Here’s your solution: stock up and always keep these grocery items on hand.
My husband Chris and I have finally reached that peak adulthood moment where we actually have a few people we like who stop by unannounced. Being the feeders we are, we always like to have snacks on hand. Snacks always make hanging out more fun. Over the past few years, combined with the work we do food styling and photographing food, we’ve gotten pretty darn good at figuring out a system for no-fail entertaining.
Let me be clear: this is not a dinner party. This is a let’s snack on things situation, so don’t get all upset that there are limited vegetables or it’s ‘unbalanced’. Eat your cheese and be happy, Nancy.
I think a successful drop-in snack boils down to two categories: sweet or salty. For savory and salty, our go to is a cheeseboard. But a more accurate name we call it is a ‘snackcuterie’ platter. If you’re going for sweet, you’ve got a bounty of fast fix options. And the best part? You can make both work by keeping a few things in your pantry, fridge or freezer.
Before we dive into the grocery list, let’s get set up for success with supplies. A good platter will take you very, very far. You can use it for seated dinners, football watch parties, and for instant entertaining needs. A platter can be a marble cutting board, a shallow large bowl or a very large plate. Use your personality and find one you love!
For the best snacking success, items that don’t require forks, knives or spoons are idea. Cocktail picks make great semi-forks for ‘snackcuterie’ board items like artichoke hearts that just are not finger worthy. There are so many beautiful cocktail picks on the market these days (no more basic toothpicks with funny frills on top!).

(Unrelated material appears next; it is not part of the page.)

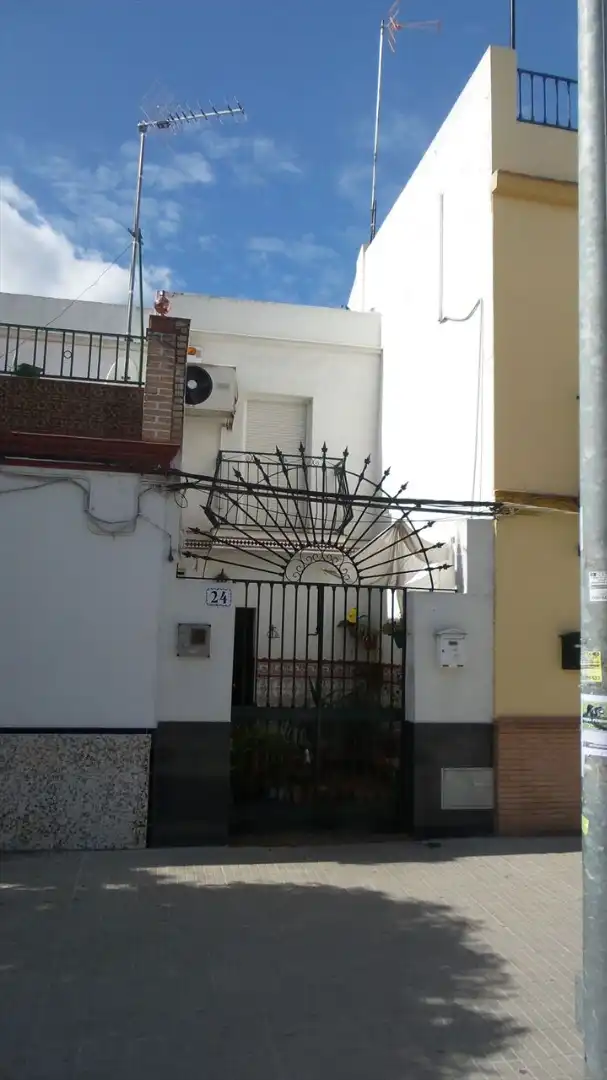 Vista exterior de Casa o xalet en venda en Camas amb Balcó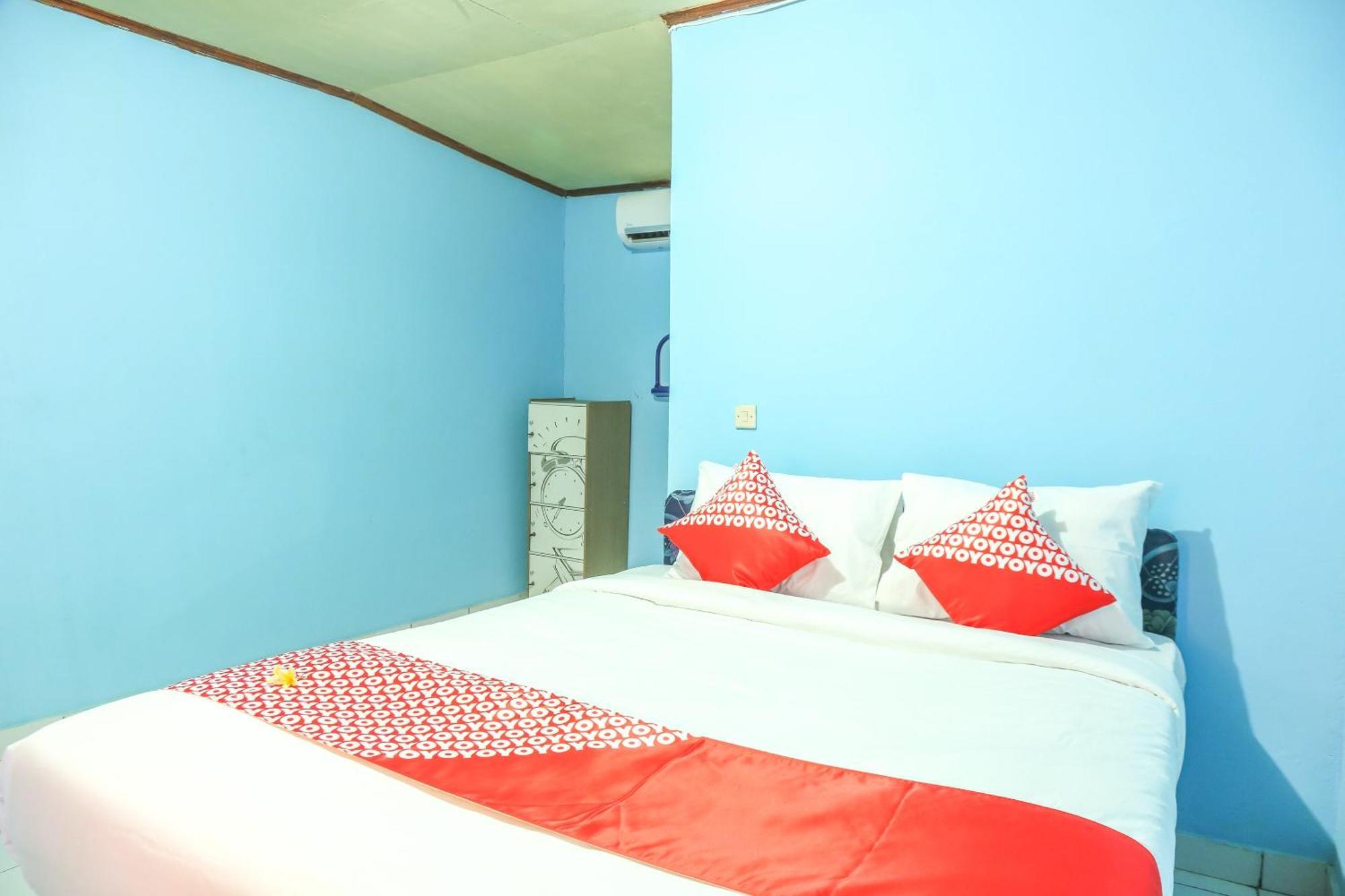 Oyo 1662 Zury Homestay Kuta  Ngoại thất bức ảnh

I’ve seen everything from beautiful gold tone bees to simple copper circles that I adore.
Lastly, small bowls and plates will take you so far. Small bowls contain savory items like nuts, pickles and more, or even small scoops of ice cream. A small plate can serve as a landing pad for crostini, olive pits or a freshly baked cookie. The fun thing about any of these supplies is that they can be totally different from your matching kitchen dishware. Have fun!
Salty: A “snackcuterie” board.
- A pickled item: From peppadew peppers to cornichons, okra to beets, something acidic will cut through heavier items.
- A cheese: Feta, aged cheddar, brie or burrata, you can easily work around whatever is on hand. A solid set of cheese knives means you can pull as many as you need for as many cheeses as you are serving.
- Aged meat: I’ve been sent caribou smoked and aged sausage from my cousin in Alaska, and it was the perfect long lasting meat (don’t knock it ’til you try it). While there are lots of salty, aged meats to choose from, the nice thing is they last a while in the fridge if unopened. If it’s “guest drop in season”, I’d say it isn’t such a bad idea to pick some up once or twice a month and use as needed. No guests = solid snack situation for you.
- Fruit: Honestly this is the easiest one. You can play so much with seasonality here. In winter you can use citrus or dried fruit. In spring, strawberries always appear for me. Summer is when I bust out the melon or stone fruit. Fall? Apples always.
- A spread: Now’s your chance to clear out your pantry or be creative. If you’ve got a random mango chutney jar, it’s actually pretty delicious with a brie in my opinion. Use jams, or whatever you want to get rid of.
- Bread, crackers or a ‘surface’: Easy to keep in the pantry, stock up on at Costco, or use up the leftovers from your local bakery.
- Extras: nuts, chocolate, or whatever else you can sprinkle in the mix!
- Frozen Cookies: This can go one of two ways. You can either make a frozen log of cookie dough and slice/bake off as needed (HELLO, fresh baked cookies?!) or you can bake a batch of cookies, freeze on a baking sheet flat and then bag in an airtight vessel. Just reheat and you’re good to go!
- Frozen Croissants: Okay, hear me out. You can either buy them at your bakery and freeze like the cookies and bag, or you can make your own that you can bake off frozen. There’s also an in-between of raiding the Freezer aisle at Trader Joe’s. Serve with a variety of spreads and bask in the glorious scent of pastry to the sound of compliments.